Don't spend hours thinking of the perfect thing to do or say, just do or say something. It will be more helpful than anyone will ever know. 

Sunday, April 15, 2012

On Assumptions about the Disabled


On one of my online classes, somebody asked me what the most annoying part of being disabled was. The worst part is, constantly having to rebuke assumptions. That inspired this post. I thought I’d bust ten of the most annoying myths out there by listing some should- be- obvious facts about those with disabilities.         

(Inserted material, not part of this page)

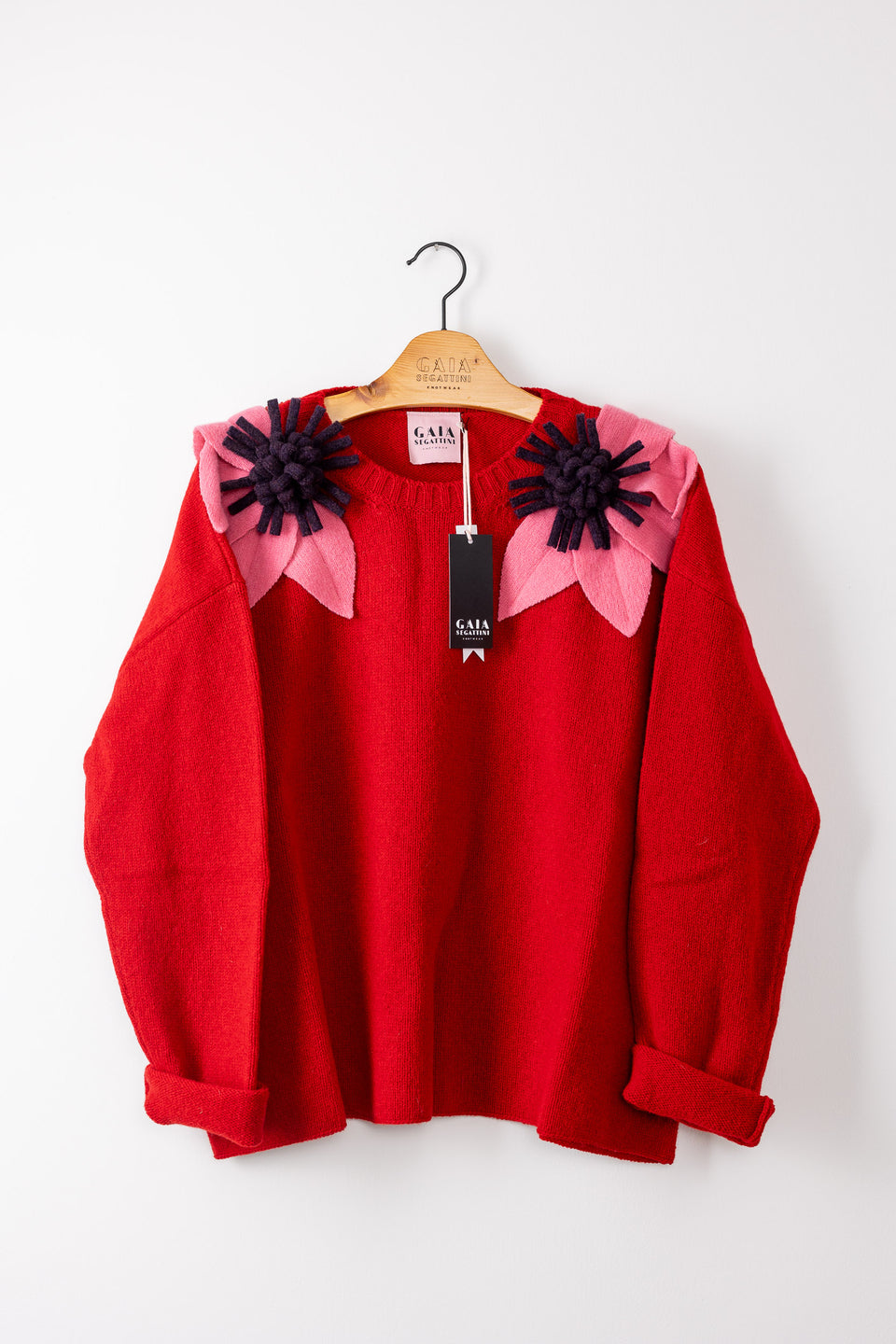 bloom sweater - poppy with candy and plum flower 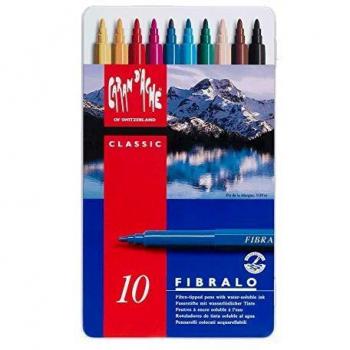 Rotuladores de Punta de Fibra Caran d'Ache Fibralo - Estuche Metálico de 10 Colores Assortidos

  • Unless we tell you we can’t hear you, we can hear you. I can’t count the number of times people have spoken to me like I have a hearing impairment. It really is embarrassing to have to explain to people that I don’t have one. Though over the years I've  found it funny more the anything.
  • Most of us are of average intelligence. There is no need to explain things one wouldn’t explain to an able-bodied 23 year old.
  •           We can have sex. We do have sex. When I get asked if I can, I usually answer politely, but I want to respond, “That’s none of your Goddamn business!”
  •     A lot of us have very successful careers. When people act in awe of that, it’s condescending.
  •        We’re not offended, when you swear, drink ,or make dirty jokes. I swear drink, and make dirty jokes.
  •        Most of us have extremely high pain tolerances. You can’t hurt me by bumping my leg.
  •       A lot of the people I know and I are thankful for the prospective being disabled gives us.
  •          We don’t need protecting. My friends defend me like I would defend them—it’s a beautiful thing. I don’t need strangers asking me if I’m okay every ten minutes.
  •          Disabled people might be shy or they may be outgoing, just like everyone else. I personally love to meet new people; my friends aren’t being mean if they don’t spend every second of a social event making sure I’m entertained.
  •           We just want what everyone wants. We strive to be happy. It’s not important to the majority of us to be an inspiration or a trailblazer.

Monday, April 9, 2012

On Kindness, Forgiveness and Multi-dimensional People


I must be in a very outspoken mood today, because over the past fourteen hours I have thought of four different subjects for a blog post. My grandpa, learning styles, gossip, and bullying. Well, here’s the thing, I am an English major. I have not been groomed to take logical steps towards a particular, much needed conclusion, but rather to look at different pieces of humanity and recognize the themes that run steadily through them. Both are necessary processes, I just happen to be bad at the first one.  After spending time remembering my grandpa this morning, it was not difficult to see the common thread in these four  topics.  I’ll attempt to write a concise and coherent post about it, but just in case I fail, I’ll come out at the end and give you the moral of the story, if you will.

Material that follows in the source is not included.